Campin  colle littéralement à la suite du texte, en nous montrant le moment exact où le mouvement reprend, mère et fils prenant conscience l’un de l’autre. Marie sort de son extase et joint les mains, tandis que l’enfant en retour commence à s’agiter   :

« Or, la Vierge, sentant qu’elle avait enfanté, ayant baissé la tête et joint les mains, adora l’enfant avec grande révérence et lui dit : O mon Dieu et mon Seigneur, soyez le très-bien venu!
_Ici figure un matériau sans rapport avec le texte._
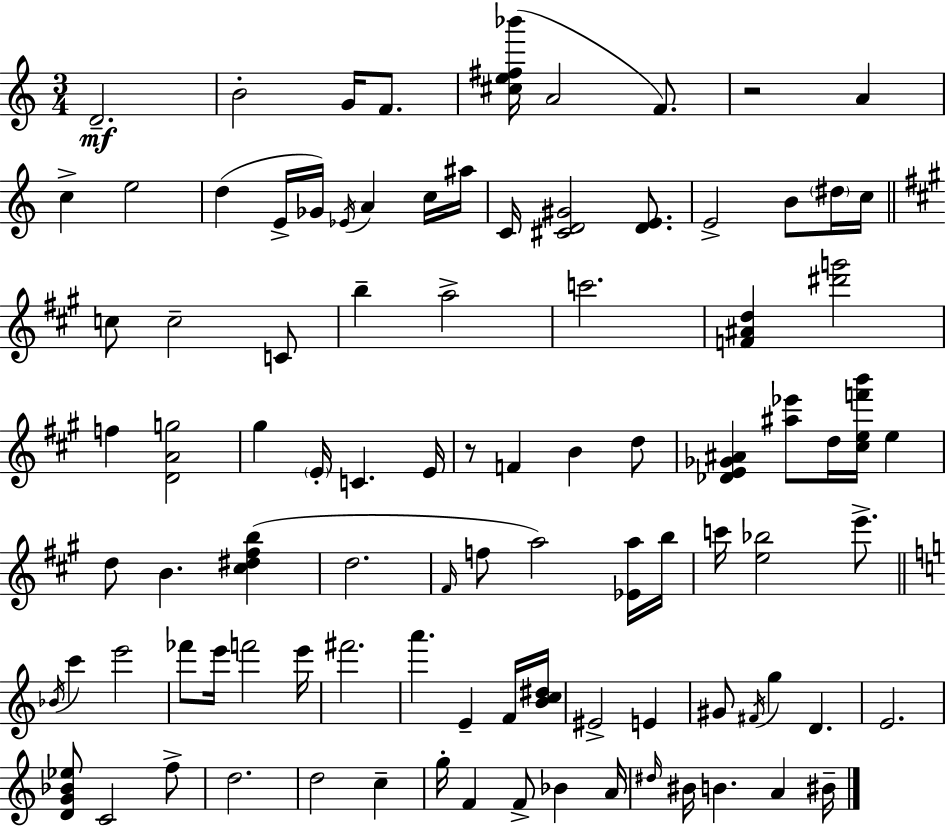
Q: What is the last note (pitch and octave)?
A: BIS4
Et lors l’enfant, pleurant et comme tremblotant de froid et de la dureté du pavé où il gisait, s’émouvait un peu, et étendait ses bras, cherchant quelque soulagement et la faveur de la Mère. »


Le nombril de Jésus

Nous ne résistons pas à donner la fin du texte de Sainte Brigitte, même si elle n’est pas représentée sur le tableau :

« La mère le prit lors en ses bras, le serra sur son sein, et l’échauffa sur sa poitrine avec des joies indicibles et avec une tendre et maternelle compassion. Et lors s’asseyant à terre, elle le mit en son giron et prit de ses doigts son nombril, qui soudain fut coupé, d’où il ne sortit ni sang ni aucune autre chose; et après elle l’enveloppa de petits drapeaux de lin et de laine, et avec des langes et des liens, elle serra son petit corps avec un bandeau qui était cousu en quatre lieux à la partie du drap de linge, et après, elle lui lia la tête. « 

Campin a passé les détails cliniques du texte, qui pouvaient se lire mais pas se montrer : la tunique transparente, la « peau secondine » et le « ventre enflammé » . Mais il retrouve tout son réalisme pour nous présenter un des nouveaux-nés les plus crédibles de la peinture occidentale,  certes auréolé, mais néanmoins si humain, avec ses tétons, son petit sexe et son nombril bien visibles.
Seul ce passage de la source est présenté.